━━━ Supplied information ━━━

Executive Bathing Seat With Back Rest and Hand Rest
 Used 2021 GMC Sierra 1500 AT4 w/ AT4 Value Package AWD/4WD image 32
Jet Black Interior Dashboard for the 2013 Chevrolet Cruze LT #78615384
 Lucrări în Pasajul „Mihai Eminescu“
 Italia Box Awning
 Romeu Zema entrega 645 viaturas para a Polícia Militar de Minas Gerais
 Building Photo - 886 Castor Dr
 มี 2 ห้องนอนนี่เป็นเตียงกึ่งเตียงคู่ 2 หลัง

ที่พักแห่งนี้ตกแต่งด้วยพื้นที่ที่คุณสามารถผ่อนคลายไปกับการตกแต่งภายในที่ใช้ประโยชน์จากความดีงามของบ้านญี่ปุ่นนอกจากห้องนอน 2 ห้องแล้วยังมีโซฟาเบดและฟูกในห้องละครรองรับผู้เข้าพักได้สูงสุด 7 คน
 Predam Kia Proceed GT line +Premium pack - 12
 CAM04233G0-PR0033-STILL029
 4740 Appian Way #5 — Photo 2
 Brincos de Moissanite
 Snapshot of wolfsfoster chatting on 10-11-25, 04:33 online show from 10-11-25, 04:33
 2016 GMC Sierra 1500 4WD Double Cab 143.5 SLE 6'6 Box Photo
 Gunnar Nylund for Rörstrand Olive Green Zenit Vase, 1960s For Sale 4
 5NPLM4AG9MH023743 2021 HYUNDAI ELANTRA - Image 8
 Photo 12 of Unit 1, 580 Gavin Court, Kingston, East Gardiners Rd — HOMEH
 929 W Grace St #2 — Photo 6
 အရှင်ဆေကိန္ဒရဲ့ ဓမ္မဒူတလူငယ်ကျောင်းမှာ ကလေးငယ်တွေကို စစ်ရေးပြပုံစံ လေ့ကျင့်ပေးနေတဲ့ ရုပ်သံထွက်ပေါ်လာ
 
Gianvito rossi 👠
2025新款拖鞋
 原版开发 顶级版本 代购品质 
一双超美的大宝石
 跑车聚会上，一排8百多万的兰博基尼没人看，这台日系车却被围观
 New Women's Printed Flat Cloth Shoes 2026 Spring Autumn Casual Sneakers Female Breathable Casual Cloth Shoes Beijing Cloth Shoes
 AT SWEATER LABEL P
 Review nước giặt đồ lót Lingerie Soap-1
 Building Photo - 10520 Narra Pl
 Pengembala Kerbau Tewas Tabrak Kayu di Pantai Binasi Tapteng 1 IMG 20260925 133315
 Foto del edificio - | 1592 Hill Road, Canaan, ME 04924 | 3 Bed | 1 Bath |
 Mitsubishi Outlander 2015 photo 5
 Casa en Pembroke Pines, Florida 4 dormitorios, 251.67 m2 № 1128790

━━━

▸ **What the task asks**: Return a copy of each line in the entries that carries the string "Sierra".

▸ **Answer area**:
 Used 2021 GMC Sierra 1500 AT4 w/ AT4 Value Package AWD/4WD image 32
 2016 GMC Sierra 1500 4WD Double Cab 143.5 SLE 6'6 Box Photo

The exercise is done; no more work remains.